“Don’t worry,” Tutu Lua told him, wiping her eyes. “Cold front’s coming. They got a big blizzard on the mainland. I saw it on the Weather Channel.”
That probably meant the daily high would drop from eighty-two to seventy-eight. Still, it was strange to think that a phenomenon as foreign as a snowstorm—in May!—could touch Libby’s life.
Jean stacked the plates with the efficiency of a person who’d started waiting tables before she could drive, toeing the door open on her way into the house. Libby shifted to peel her thighs off the seat, angling her arms away from her body to reduce the sweat. Maybe they could walk over to the beach after this, to wash away the funk of the day.
“Uh, Libby,” Jean called from inside. “Can you come here a second?”
In the living room, her roommate was staring at the television, where a reporter in a fur-lined parka strained to make himself heard over howling winds, against a backdrop of pure white.
“The girl they’re talking about.” Jean’s voice was tight. “What did they say her name is?”
Libby squinted at the headlines crawling across the bottom of the screen.
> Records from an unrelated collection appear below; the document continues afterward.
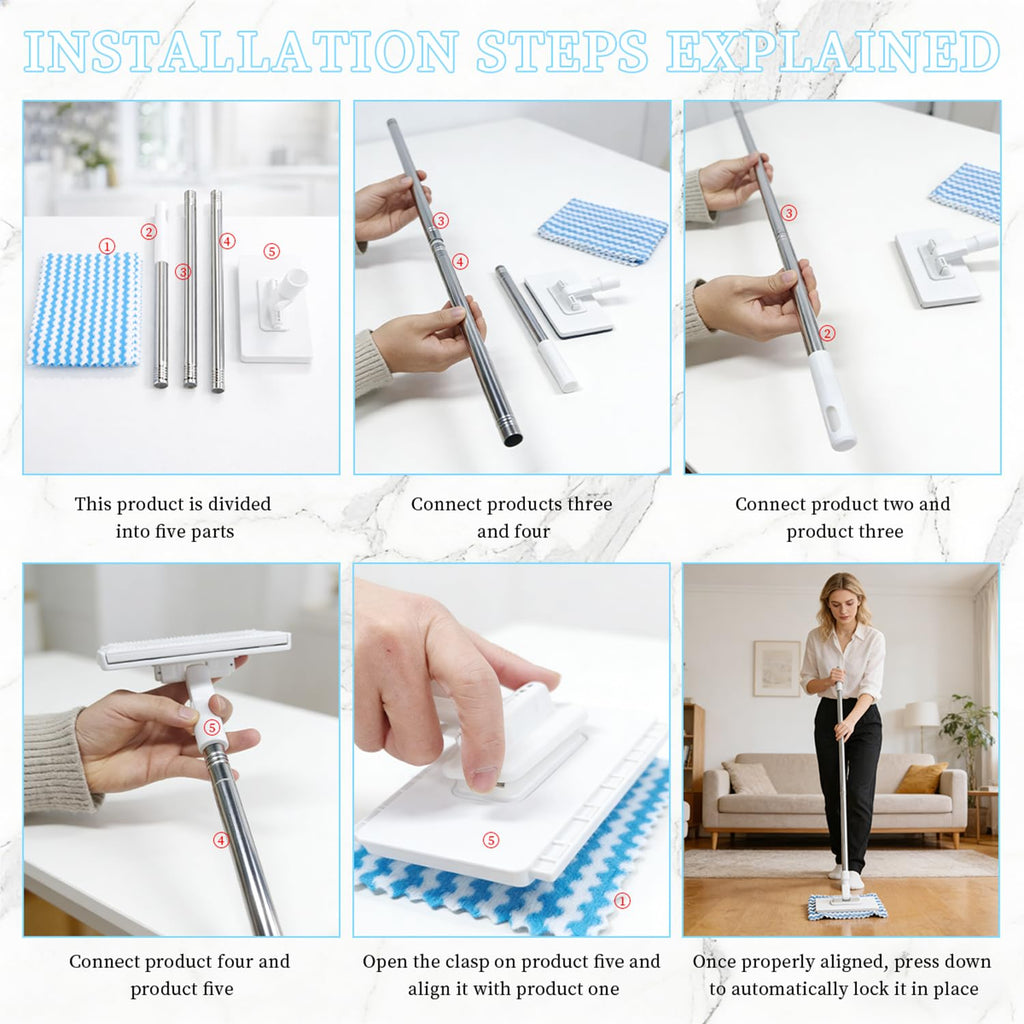 Snap Grip Mini Mop,2026 Upgraded Zero Touch Snap Grip Mini Mop,Cloth Changing MiniMop,Automatic Hands Free Push Pull Handle,Includes 1 MiniMop & 5 Reusable Cloths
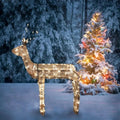 48x22 Glitter Animated Standing Reindeer Lighted Christmas Yard Decoration D13124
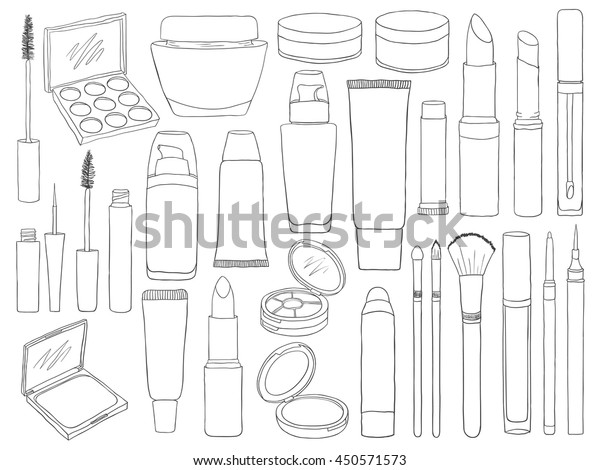 Doodle Makeup Set Woman Beauty Products Stock Vector (Royalty Free ...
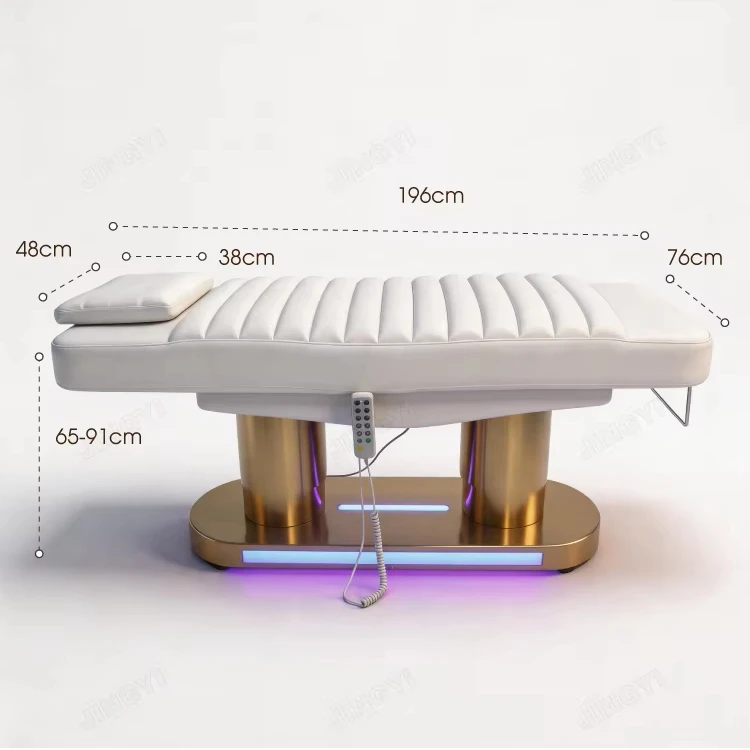 Factory Custom New Electric Massage Table Massage Bed Gold And White 4 Motors Curved Lash Bed Eyelash Facial Spa Beauty Bed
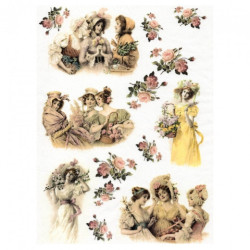 Papier ryżowy do decoupage vintage kobiety kwiaty A4 ITD R366 - sklep
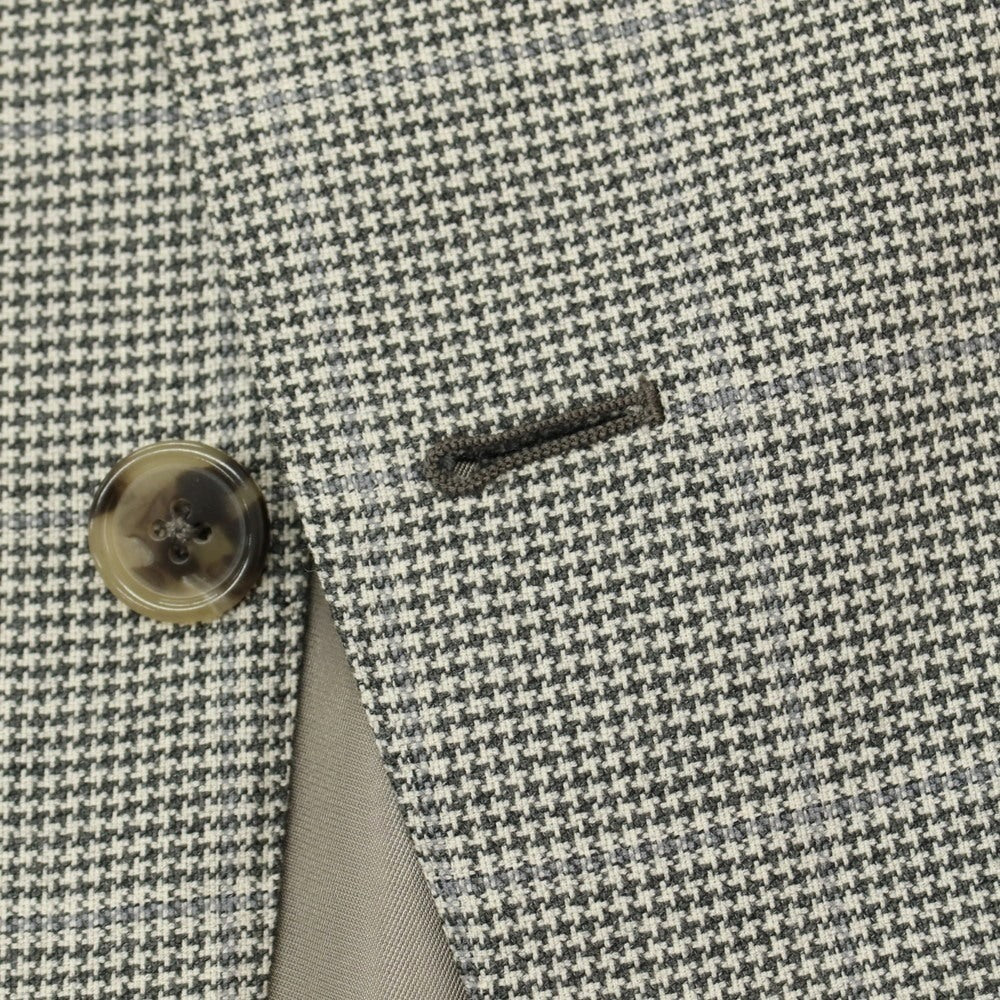 【中古】エルメネジルドゼニア Ermenegildo Zegna ウール チェック 3B テーラードジャケット グレーxホワイト【サイズ50】【 状態ランクB 】【 メンズ 】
ROAD TO NOWHERE: EYEWITNESS DESCRIBES “TERRIFYING” WHITEOUT. SORORITY CAR WASH SUPPORTS MISSING COED: PICTURES AT 11. HAVE YOU SEEN HILDY? CALL THE 24-HOUR TIPLINE!
And finally: MEDIA HEIRESS HILDY JOHNSON MISSING IN WYOMING SNOWSTORM.
“Hildy Johnson,” Libby said. “I take it she’s one oftheJohnsons?”
“You’ve heard of them?”
“Johnson Media? Yeah. I live on a rock, not under one.”
“So they’re a big deal?”
“One of the biggest.” Maybe not a household name unless you were an aspiring journalist, in which case their presence was inescapable. The parent company owned outlets in hundreds of markets: print, TV, online, probably soon-to-be beaming directly into people’s brains.
Jean grabbed the remote, turning up the volume as a series of still photos filled the screen: a young woman with corkscrew curls in a strapless velvet gown; wearing sunglasses on the deck of a yacht; standing on a trail with crumbling stone ruins in the background. The broadcast cut back to the guy in the heavy coat, who was waving his arms as he described how very terribly horrible the conditions were. Zero visibility, horizontal winds, a rate of accumulation that meant nothing to Libby until she imagined it as the kind of rain that would flood the low-lying streets.
“I have chills.” Jean stuck out her arm as evidence. “Hildy Johnson is a real person.”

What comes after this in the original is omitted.